Ieri la quotazione dell’oro ha raggiunto i massimi di sempre fermandosi a circa 2.580 dollari l’oncia. La corsa del metallo prezioso è continuata anche nei mesi in cui la Fed e le altre banche centrali occidentali alzavano i tassi. In questo angolo dei mercati finanziari si trova un piccolo ma rumoroso gruppo di investitori che è rimasto affezionato all’investimento anche in anni meno favorevoli. Il primo gennaio del 2008, l’anno della crisi Lehman Brothers, si poteva comprare un’oncia d’oro per circa 900 dollari; il guadagno in questi 17 anni è stato del 180%. Nello stesso arco temporale il principale indice azionario americano ha guadagnato il 300%. Tornando al primo gennaio 2020, l’anno della comparsa del Covid, i guadagni sono invece sostanzialmente equiparabili.
L’oro dovrebbe funzionare, come scelta di investimento, in uno scenario inflattivo. Invece in questi giorni a occupare le prime pagine è la riduzione dell’inflazione. Forse la scommessa degli investitori è sul percorso di taglio tassi che le banche centrali si apprestano a iniziare per sostenere l’economia. Questo però stride con quanto accaduto alla fine del 2023, quando le scommesse sui tagli dei tassi degli investitori non hanno coinciso con un rally dell’oro.
I termini del problema si chiariscono allungando l’orizzonte temporale. Gli Stati Uniti, in un anno di ripresa economica, mettono a segno, come l’anno scorso, un deficit record che non ha paragoni storici a meno di prendere in considerazioni guerre mondiali o pandemie globali. Se veramente la recessione è alle porte è inevitabile chiedersi dove andrebbe il deficit americano; per rilanciare la crescita bisognerebbe fare stimoli fiscali in aggiunta a quelli attuali. Se invece alle porte non c’è alcuna recessione o, forse, solo un po’ di rallentamento bisognerebbe chiedersi cosa sarebbe stato della performance economica americana negli ultimi due anni senza quei deficit; oppure, cosa accadrebbe alla crescita di Washington se gli Stati Uniti decidessero di fare un po’ di consolidamento fiscale partendo, per esempio, dai debiti allo studio.

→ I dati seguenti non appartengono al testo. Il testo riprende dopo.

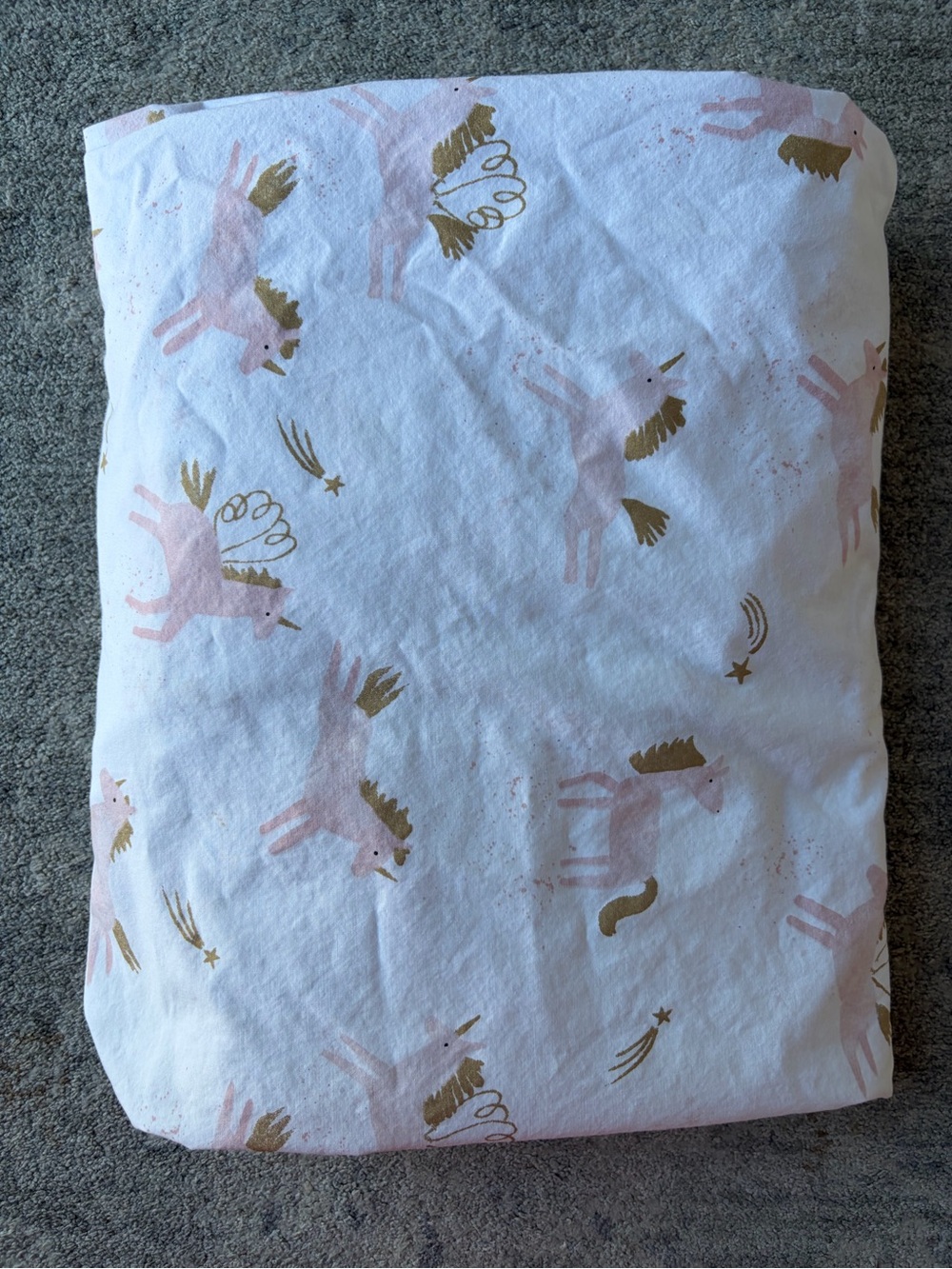 Pottery Barn Kids Fitted Crib Sheet Pink Gold White Unicorn 100% organic Cotton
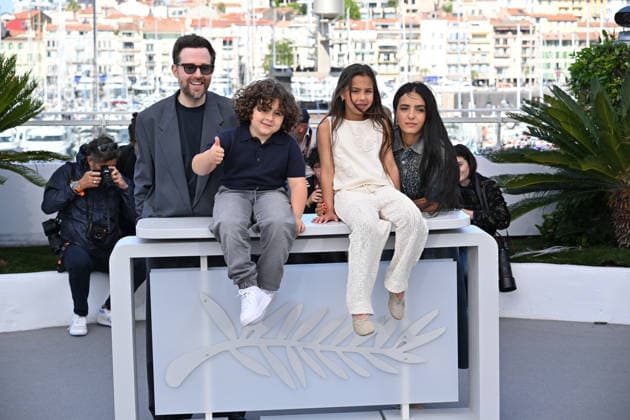 79th Cannes Film Festival: Quelques mots d amour (Words of Love) photocall CANNES, FRANCE - MAY 14: (L to R) French director and screenwriter Rudi Rosenberg, actor Aidan Djouadi, actress Ella Bedoucha and French actress Hafsia Herzi pose during a photocall for the film Quelques mots d amour (Words of Love) at the 79th edition of the Cannes Film Festival in Cannes, France on May 14, 2026. Mustafa Yalcin Anadolu Cannes France. Editorial use only. Please get in touch for any other usage.  Copyright: x2026xAnadoluxMustafaxYalcinx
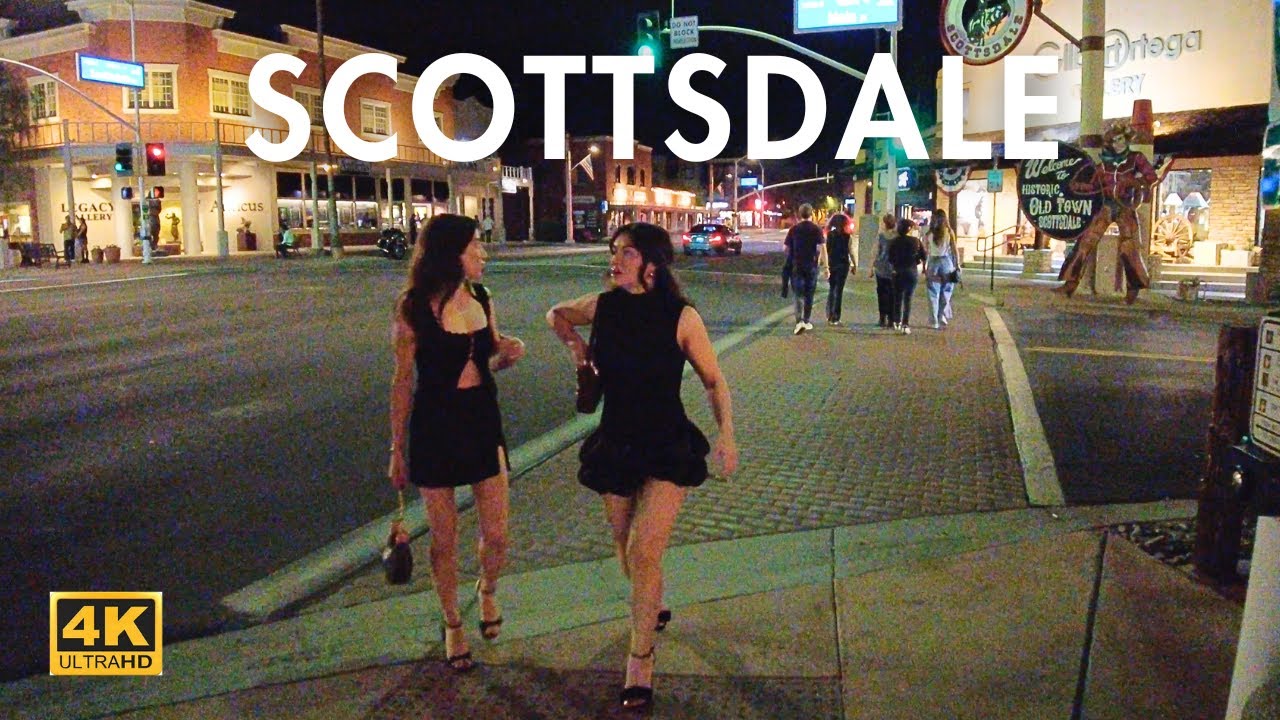 Scottsdale Arizona OLD TOWN SCOTTSDALE NIGHTTIME Walking Tour Arizona [4K}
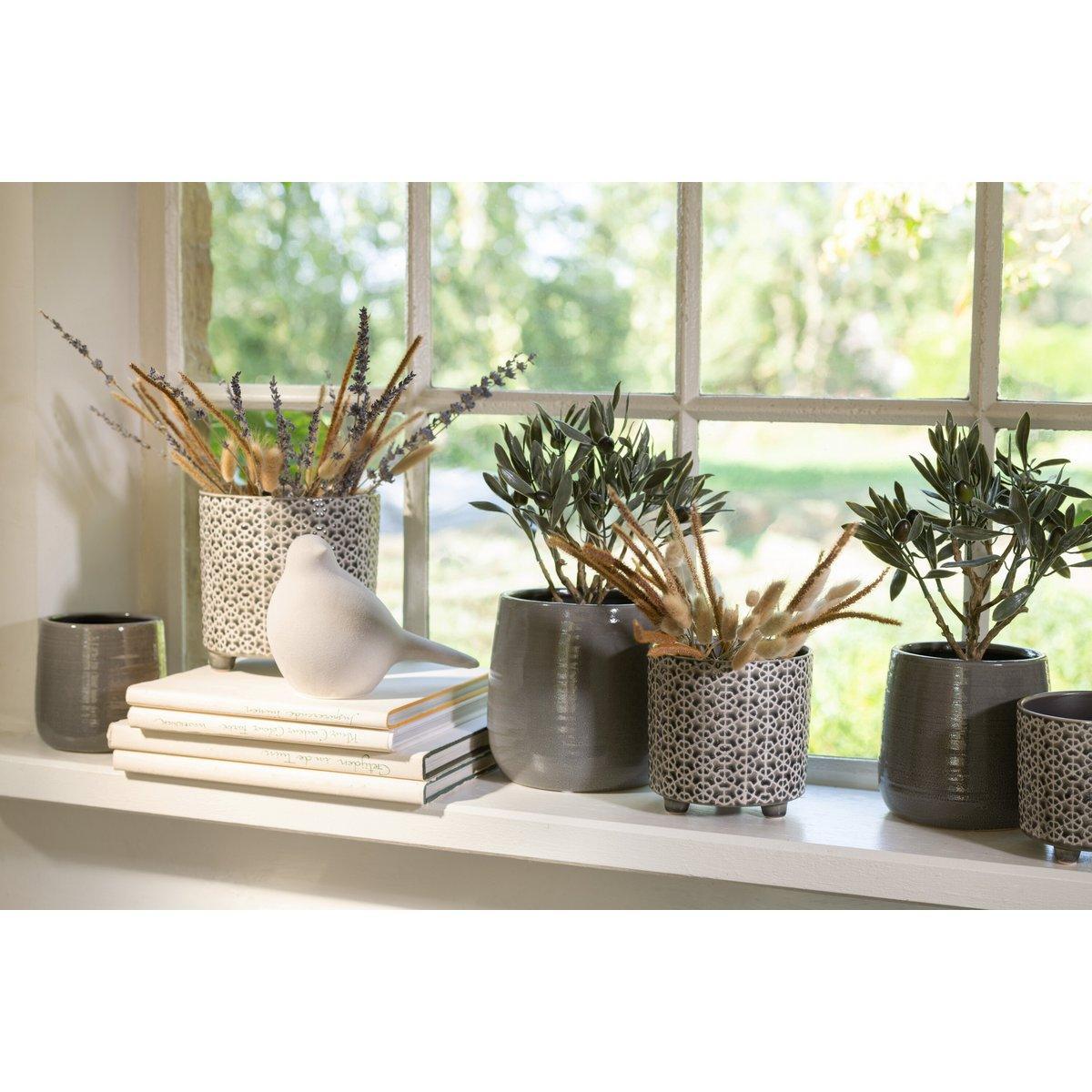 J-Line Blumentopf Plain - Keramik - Grau - Mittel - Ø 14,50 cm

Diventa chiaro, tanto più dati i costi imposti dall’invecchiamento della popolazione, che non si vede una prospettiva di ritorno alla normalità per il deficit americano. Questo nel lungo termine implica almeno due cose: la prima è la pressione sulla banca centrale perché sostenga un debito in espansione e ne attutisca il costo per il Governo; la seconda è la svalutazione del dollaro e maggiori problemi a contenere la dinamica dei prezzi.
È possibile che quanto stia succedendo all’oro in queste settimane sia da collegare a questi aspetti; gli investitori, a ridosso delle elezioni di novembre, scoprono che nessuno dei due candidati ha una ricetta per risolvere gli squilibri finanziari del Governo americano e si comportano come se avessero di fronte un Paese in via di sviluppo.